Dressed with a zesty chive vinaigrette, it packs a little punch, especially when paired with pickles. It’s satisfying yet not too heavy. Absolutely perfect for summer meals.
It pairs well with grilled meat, sausages, bratwurst, you name it! I had a very similar salad in a restaurant in Berlin, served on a side of a veal schnitzel. Can you see the versatility of it?!
Bavarian Potato Salad
There are 3 main types of potato salad in Germany. The one I am sharing today is from Bavaria. I stayed true to the basic recipe of waxy potatoes, bacon, pickles and chives but omitted beef broth in the dressing.
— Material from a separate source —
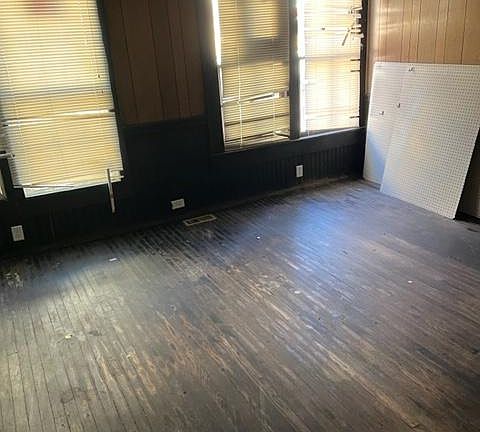 3rd image of 423 S Tradd St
Instead I made a classic vinaigrette with an addition of chives. Another change I introduced is purple potatoes. I thought their sweetness would play nicely with the tart flavours of pickles and vinegar and I was right. The balance was perfect!
Purple potatoes are only now becoming mainstream in the West but they have been used in the Asia for ages. I first learned about their existence during my year in the Philippines more than 2 decades ago, where they are known as “ube”, and are used extensively but mostly in sweet treats!
If you are a fan of orange sweet potatoes, you will fall in love with the purple ones as well. Gorgeous colour, sweet taste, and firmer than sweet potatoes texture make them very suitable for a potato salad.
Recipe Tips and Notes
- First of all, this potato salad need some time to sit in the fridge for the dressing to do its magic. Let the flavour meld for at least 2-3 hours before serving.
- Secondly, used the right type of spud! You will need waxy potatoes for a salad. They hold their shape so much better and have a pleasing sweet taste as opposed to starchy/floury potatoes.
- I used new potatoes, which are always waxy as starch doesn’t have time to develop yet but mature red potatoes are also great in salads.
- I prefer cooking the potatoes for salads in my Instant Pot. I find it faster and the potatoes always come out perfect. It takes only 5 minutes at high pressure for baby potatoes and thin purple potatoes, which I used.
- Potatoes are traditionally peeled, then sliced in thick rounds in German potato salads.
- I used dill mini pickles also called cornichons. You can use regular pickles but I would steer clear of the sweet bread and butter ones for this recipe.
- Finally, use German mustard in the dressing if you can source it. Otherwise, you can use wholegrain mustard or Dijon mustard like I did.
Favourite Potato Salad Recipes:
- Dill Potato Salad
- Fingerling Potato Salad with Green Goddess Dressing
- Spinach Pesto Potato Salad with Bacon
- Russian Potato Salad Oliver
German Potato Salad with Bacon and Chive Vinaigrette
- 1 lbs baby potatoes waxy
- 3 purple potatoes optional
- 5-6 strips bacon streaky
- 7-8 baby pickles(gherkins)
- 10g/1/4 cup fresh chopped chives
- 2 tbsp white wine vinegar
- 1 tsp whole grain mustard
- ½ tsp Dijon mustard
- 1 tsp sugar
- 4-5 tbsp olive oil
- 1 tsp salt
- Cook white and purple potatoes unpeeled, then cool them and peel. I prefer cooking my potatoes in Instant Pot for 5 minutes at High Pressure but you can simply boil them, which will take 10 minutes.
- Fry the bacon and put on two sheets of paper towel to absorb extra grease, then transfer to a cutting board and chop.
- Slice both white and purple potatoes in thick rounds, slice the pickles and combine in a large bowl. Add the chopped bacon.
- Make the dressing by mixing together the white wine vinegar, both mustards, sugar and the olive oil. Stir in chopped chives and pour the dressing over the salad, mix and salt to taste.Refrigerate for the flavours to meld for at least 1 hour. Serve cold.